リンスまたはフラッシュサイクルの間、洗浄溶液はバルブV3によってライン30において止められ、殺生物剤またはアルカリ過酸化物溶液および水はライン13Aを通してパルス化された圧縮空気と共に混合チャンバー32へ向かうことができる。加圧された水は歯科チューブ系21を通過して洗浄溶液をフラッシュし、遊離したバイオフィルムおよびチューブ系21に残っているどんな固体粒子またはデブリをもフラッシュする。殺生物剤および/または過酸化物の添加はバイオフィルムが再形成されるまでの経過時間を増加させることがある。
フラッシュサイクルの終わりに、水道水単独またはコンテナ34に保存された殺生物剤を含む水道水を用いた歯科ユニットの通常の操作が再開される。
洗浄、フラッシュ、通常操作サイクルは製造業者または歯科医が定める一定期間の間それぞれ続く。
混合チャンバー32内の乱流は、空気:液体:粒子の比および洗浄溶液及び圧縮空気の流速を操作することによりバブルまたはフロスを与える。圧縮空気は液体小滴を作り出し、または、洗浄溶液中でいかなる固体粒子も懸濁させ、従って、溶液およびフロスまたは不活性粒子のチューブ系壁への力学的衝撃により効果的にバイオフィルムをエロージョンさせる方法を生み出す。
【0015】
例として、1.8mm直径のチューブ系を通して、207kPa(30psi)〜414kPa(60psi)の空気圧を用いて押し出される空気は9700から15,000の間のレーノルズ数を有し、管型幾何学構造においては乱流と考えられる。洗浄溶液に不活性粒子または液滴を加えることは溶液の洗浄効果をさらに増加させる。バイオフィルムが5〜10μmの厚さを有する場合は、適用する空気圧と摩擦力との関係は既知の一次元エネルギー式によって評価できる。

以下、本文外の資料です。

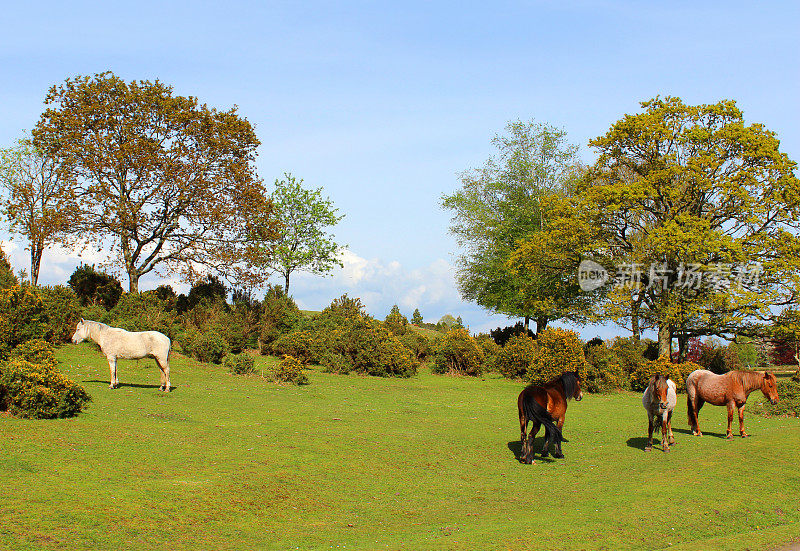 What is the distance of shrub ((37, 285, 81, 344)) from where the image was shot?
25109mm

直径1.8mm、長さ2.44m(8フィート)の歯科チューブ系において計算値と測定された速度は互いによく一致した。
更に、ある種の歯科チューブ系が連続的にカールしているということは、それがチューブ系壁に対して空気、固体粒子および溶液のランダムな衝撃を与え、バイオフィルムを迅速かつ完全に遊離または侵食させるので、本洗浄法にとって優れた幾何学構造である。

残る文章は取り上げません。